Personal information
- Nationality: Qatar
- Born: 18 November 1981 (age 44)
- Height: 1.75 m (5 ft 9 in)
- Weight: 75 kg (165 lb)

Sport
- Sport: Athletics
- Event: 110 metres hurdles
- Club: Qatar Sports Club

Medal record
Men's athletics
Representing Qatar
Asian Championships
| Silver medal – second place | 2007 Amman | 110 m hurdles |

= Mohamed Issa Al-Thawadi =

Qatari hurdler (born 1981)

Mohamed Issa Al-Thawadi (محمد عيسى الذوادي; born November 18, 1981) is a Qatari sprint hurdler. Al-Thawadi represented Qatar at the 2008 Summer Olympics in Beijing, where he competed for the men's 110 metres hurdles. He ran in the sixth heat against seven other athletes including defending Olympic champion Liu Xiang of China.

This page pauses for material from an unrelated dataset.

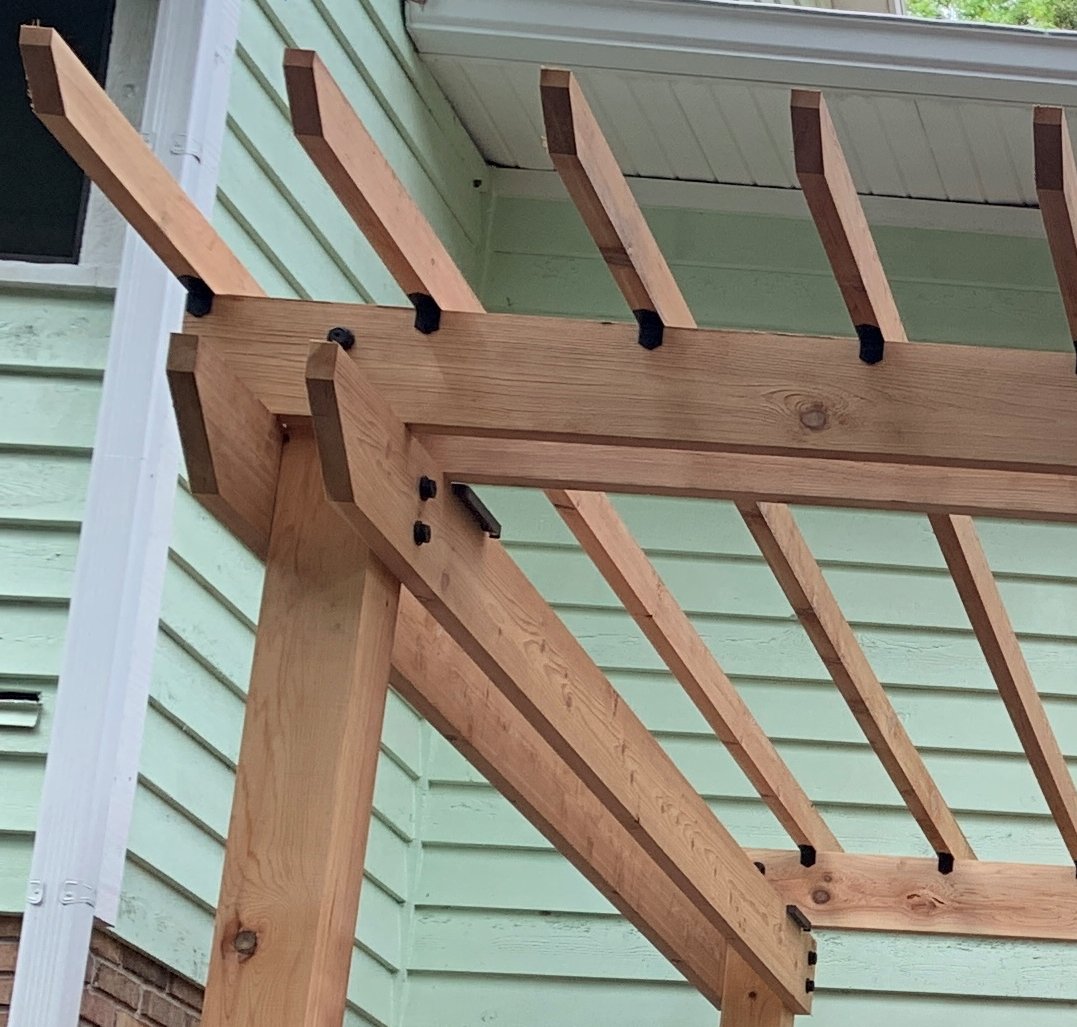 pergola detail matching bolts and brackets with lighting.jpg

While his strongest opponent did not complete the hurdle lap because of a serious injury, Al-Thawadi gladly finished in fifth place with his seasonal best time of 13.64 seconds. Although he ranked below the four mandatory slots, Al-Thawadi qualified for the next phase of the competition based on his time and performance in the heats. For the second round, Al-Thawadi, however, was disqualified from the competition, for being responsible to the second false start of the third heat.